Las Vegas Sun

May 5, 2024

Former Mayor Young announces his casino bid

Young, 78, who spoke to reporters via speaker telephone from his Detroit apartment, said he is chairman of a 16-person group aiming to win one of three city licenses to operate a casino.

His group, Paradise Valley LLC, is named after the black entertainment district that anchored the lower east side neighborhood where Young grew up until the Chrysler Freeway was built through it in the late 1950s.

"I believe that casinos can play a key part in helping to rebuild this city," Young said.

"I'm not saying that casinos alone can do that. But three casinos operating properly in this city could be a considerable building block for new employment ... It would increase city prominence as a destination point for conventions and other people."

The presence of Young, who served as mayor from 1973 to 1993 and was an advocate for casinos in Detroit during that time, means that at least eight developers are now vying for three casino licenses.

The law approved in November by Michigan voters specifically grants preference for two licenses to Greektown Casino LLC and Atwater Entertainment Inc. If that preference stands, as Young said it should, his group will compete against the rest for just one license.

But Young said his chances are as good if not better than other casino developers.

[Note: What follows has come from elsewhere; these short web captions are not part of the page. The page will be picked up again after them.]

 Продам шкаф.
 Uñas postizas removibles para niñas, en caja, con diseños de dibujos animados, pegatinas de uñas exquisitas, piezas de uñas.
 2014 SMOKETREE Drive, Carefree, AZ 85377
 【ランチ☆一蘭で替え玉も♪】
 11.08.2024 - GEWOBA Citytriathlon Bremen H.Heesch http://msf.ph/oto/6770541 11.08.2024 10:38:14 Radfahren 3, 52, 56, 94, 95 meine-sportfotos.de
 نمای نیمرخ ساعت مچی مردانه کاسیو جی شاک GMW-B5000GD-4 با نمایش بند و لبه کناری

"I gather that public reaction ... has been very positive to this proposal," he said.

Young said his group is talking with casino operators in and outside Las Vegas about a partnership, but he declined to name the operators. He also said the group is evaluating several sites for a casino, but he would not say where.

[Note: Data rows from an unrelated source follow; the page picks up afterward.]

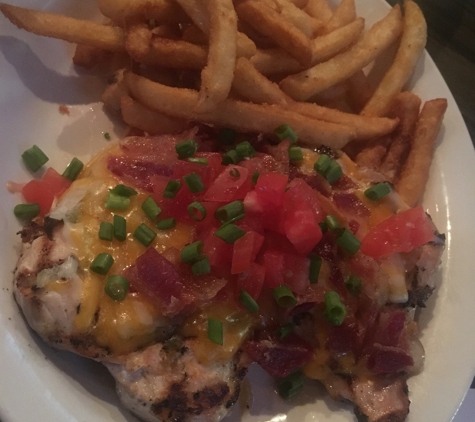 Hammerhead Seafood and Sports Grille - Suwanee, GA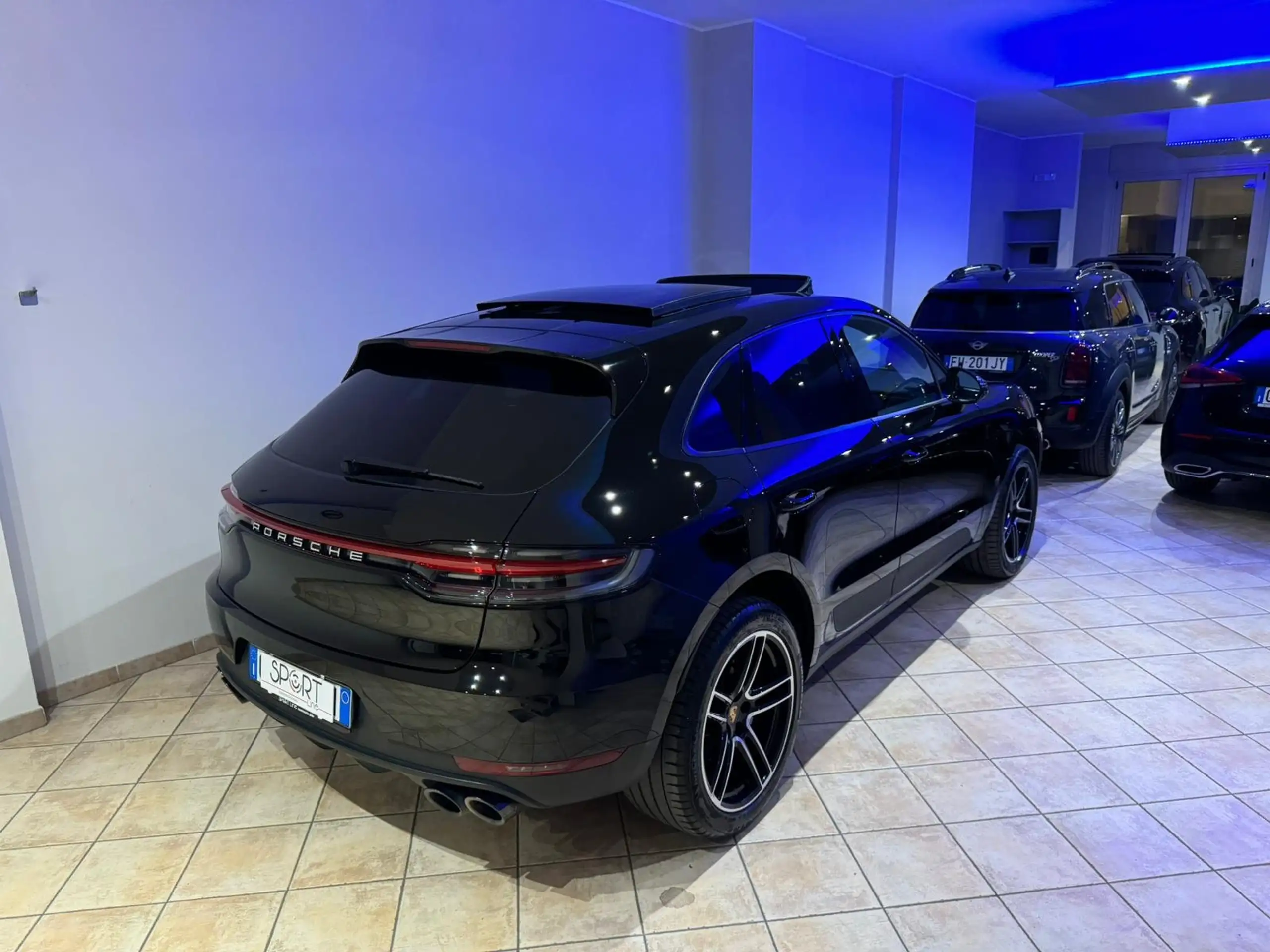 Porsche - Macan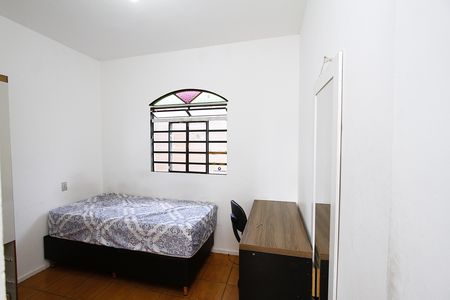 Casa à venda com 6 quartos, 200m² em Ventosa, Belo Horizonte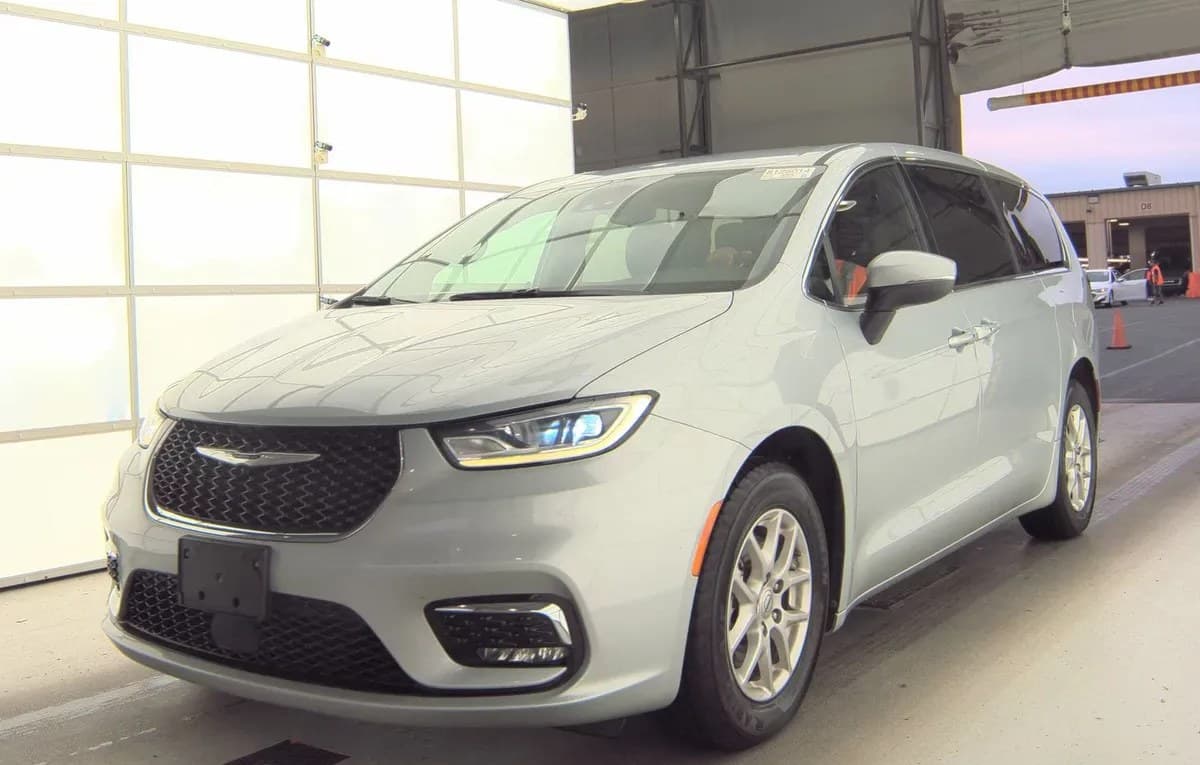 2023 CHRYSLER PACIFICA TOURING 121.6" WB 2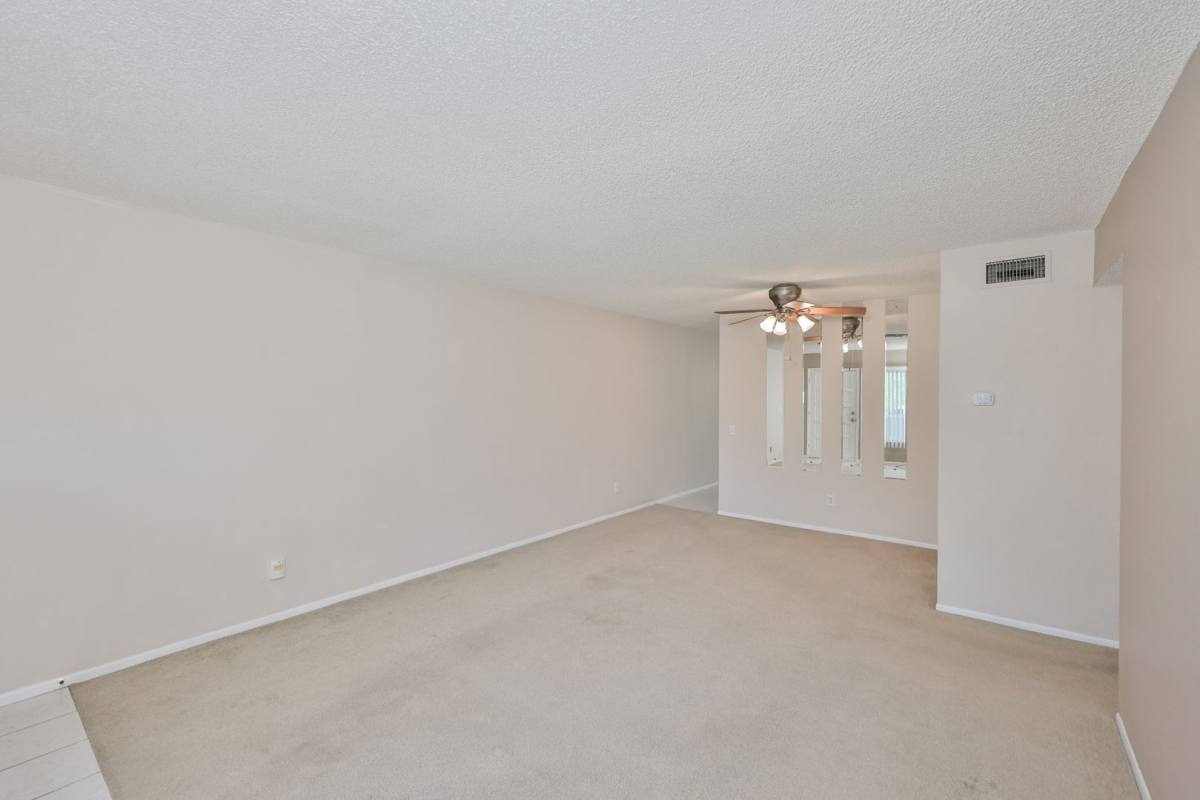 Apartment for rent at 2287 Philippine Dr, Clearwater, FL 33763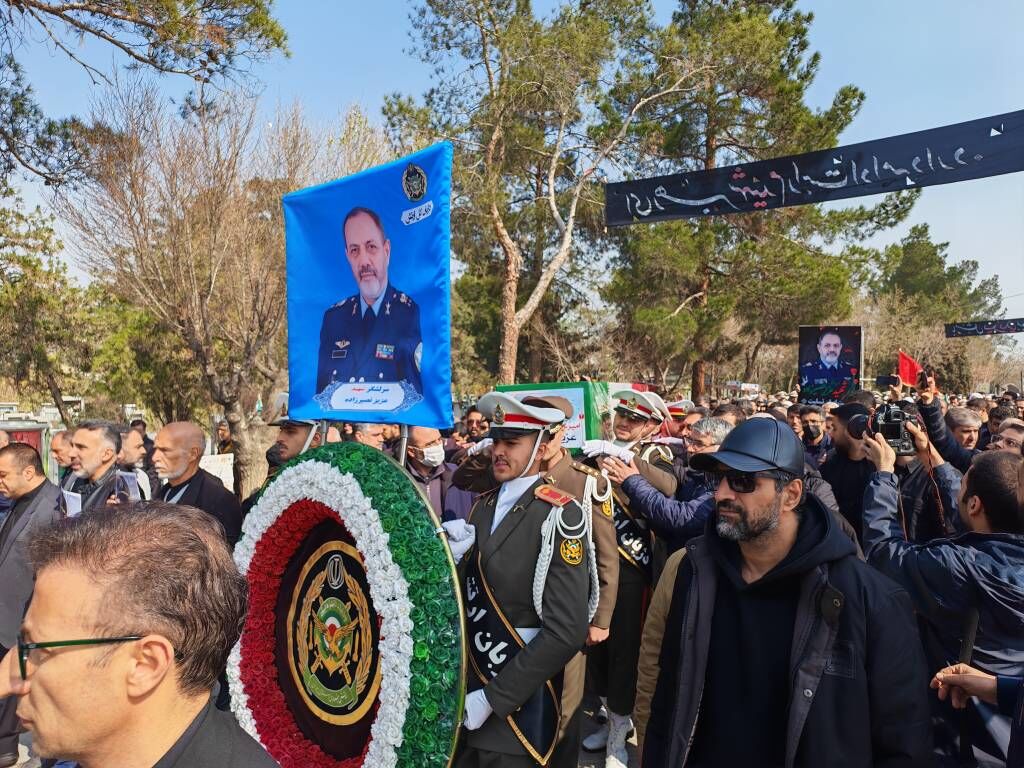 پیکر وزیر دفاع شهید در بهشت زهرا آرام گرفت پیکر وزیر دفاع شهید در بهشت زهرا آرام گرفت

The Sunday news conference marked Young's first public activity since he emerged earlier this month from what he described as a 21-day hospital stay. Young was treated for benign prostatic hypertrophy, which results from an increase in the number of cells or an enlargement of the prostate gland because of aging.

A Young spokesman said the mayor didn't appear in person because he wanted to show the casino is a group effort - three other Paradise members were present at the event - and because Young is still recovering from the hospital stay.

"I'm still recuperating," Young said. "I'm coming along pretty well."

Young said his Paradise group meets requirements he set because its membership is mostly from Detroit and mostly black - 85 percent black, he said.

Other group members include John Simpson, a Detroit attorney who is serving as group president; JoAnn Watson, former president of the Detroit chapter of the NAACP; Elliott Hall, a Ford Motor Co. vice-president; and Ford dealer Nathan Conyers, the brother of U.S. Rep. John Conyers, D-Detroit.

Young said the finances for the project will be put up by the casino operator they select as a partner.

Mayor Dennis Archer said Friday he was "not surprised at all" that Young was pursuing a casino license.

"What did surprise me is that he was not included with the presumptive investors," Archer said, referring to the Greektown and Atwater development groups.

Archer added that Young "comes in on the same equal footing" as other developers.